Gary Jones is a United States businessman and Republican politician from Oklahoma.  He is the former Oklahoma State Auditor and Inspector.

Personal
Jones was born in Fort Sill, Oklahoma, the fifth of seven children.  He graduated from Cameron University in 1978 with a Bachelor of Business Administration/Accounting degree.  Jones is both a certified public accountant and a certified fraud examiner.

While in college, Jones worked for Southwestern Bell.  After 10 years Jones left to start his own telecommunications company, which he sold 16 years later.  Jones has operated a cow-calf operation for over 30 years in addition to his other ventures.

In 1994 Jones successfully ran for Comanche County Commissioner, a seat he held for four years.

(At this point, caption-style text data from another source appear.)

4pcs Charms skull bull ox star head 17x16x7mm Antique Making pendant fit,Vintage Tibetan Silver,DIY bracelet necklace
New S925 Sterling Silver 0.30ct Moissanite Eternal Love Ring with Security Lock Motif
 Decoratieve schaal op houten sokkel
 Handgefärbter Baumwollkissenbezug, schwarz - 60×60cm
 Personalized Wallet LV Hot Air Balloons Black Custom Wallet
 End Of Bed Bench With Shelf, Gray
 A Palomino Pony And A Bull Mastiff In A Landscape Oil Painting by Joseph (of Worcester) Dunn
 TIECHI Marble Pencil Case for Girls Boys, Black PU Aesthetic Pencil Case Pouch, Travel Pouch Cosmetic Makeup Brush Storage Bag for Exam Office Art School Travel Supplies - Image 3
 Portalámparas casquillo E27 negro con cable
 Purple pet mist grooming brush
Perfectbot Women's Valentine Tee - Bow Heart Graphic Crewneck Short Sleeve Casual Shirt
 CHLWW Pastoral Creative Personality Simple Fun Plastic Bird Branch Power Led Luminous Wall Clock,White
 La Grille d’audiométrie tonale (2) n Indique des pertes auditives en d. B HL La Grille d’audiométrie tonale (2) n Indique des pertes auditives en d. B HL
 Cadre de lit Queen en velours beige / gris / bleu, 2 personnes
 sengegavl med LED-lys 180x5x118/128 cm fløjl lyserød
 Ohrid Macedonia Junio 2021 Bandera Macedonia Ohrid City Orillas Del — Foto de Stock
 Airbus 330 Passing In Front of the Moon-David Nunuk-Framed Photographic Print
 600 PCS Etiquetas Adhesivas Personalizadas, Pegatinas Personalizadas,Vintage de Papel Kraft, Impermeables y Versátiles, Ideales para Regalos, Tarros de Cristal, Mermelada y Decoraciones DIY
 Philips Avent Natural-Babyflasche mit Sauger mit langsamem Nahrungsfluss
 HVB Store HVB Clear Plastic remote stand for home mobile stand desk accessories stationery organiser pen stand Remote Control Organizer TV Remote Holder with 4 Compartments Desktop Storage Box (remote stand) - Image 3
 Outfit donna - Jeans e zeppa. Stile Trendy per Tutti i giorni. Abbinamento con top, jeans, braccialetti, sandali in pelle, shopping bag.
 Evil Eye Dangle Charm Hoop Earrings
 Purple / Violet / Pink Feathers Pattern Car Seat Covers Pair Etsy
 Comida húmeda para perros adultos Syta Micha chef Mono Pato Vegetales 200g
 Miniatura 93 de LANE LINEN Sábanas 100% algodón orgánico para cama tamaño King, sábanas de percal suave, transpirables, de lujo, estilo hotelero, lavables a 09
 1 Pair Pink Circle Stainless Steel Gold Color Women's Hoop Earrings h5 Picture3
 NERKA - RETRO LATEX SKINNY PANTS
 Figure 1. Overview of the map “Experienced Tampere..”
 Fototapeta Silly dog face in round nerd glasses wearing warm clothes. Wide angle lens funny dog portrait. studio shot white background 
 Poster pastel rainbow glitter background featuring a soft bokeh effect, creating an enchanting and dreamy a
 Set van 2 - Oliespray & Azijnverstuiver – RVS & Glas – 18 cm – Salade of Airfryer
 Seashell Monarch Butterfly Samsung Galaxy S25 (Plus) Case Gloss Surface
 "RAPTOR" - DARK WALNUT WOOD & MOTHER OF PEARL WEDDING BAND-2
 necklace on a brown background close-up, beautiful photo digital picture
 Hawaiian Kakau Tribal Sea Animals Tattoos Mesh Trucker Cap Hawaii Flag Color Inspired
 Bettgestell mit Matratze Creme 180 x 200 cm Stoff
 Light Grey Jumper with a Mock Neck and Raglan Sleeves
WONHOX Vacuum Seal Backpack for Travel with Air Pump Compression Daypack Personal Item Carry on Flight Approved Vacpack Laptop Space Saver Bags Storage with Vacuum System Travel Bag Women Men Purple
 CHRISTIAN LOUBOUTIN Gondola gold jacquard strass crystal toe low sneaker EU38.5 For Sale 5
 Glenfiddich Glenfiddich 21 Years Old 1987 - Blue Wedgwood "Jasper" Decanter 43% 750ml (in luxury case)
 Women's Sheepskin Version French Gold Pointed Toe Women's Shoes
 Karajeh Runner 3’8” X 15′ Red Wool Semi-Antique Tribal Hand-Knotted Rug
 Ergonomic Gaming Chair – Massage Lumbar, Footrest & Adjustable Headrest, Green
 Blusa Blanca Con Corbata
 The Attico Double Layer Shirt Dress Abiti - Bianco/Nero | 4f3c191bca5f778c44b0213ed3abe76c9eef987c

Prior to his successful 2010 bid for State Auditor and Inspector, Jones unsuccessfully sought the office in both 2002 and 2006, losing both times to Jeff McMahan.

In 2003 he was named chairman and Executive Director of the Oklahoma Republican Party and held the office longer than anyone prior, until resigning to make his successful bid for State Auditor and Inspector.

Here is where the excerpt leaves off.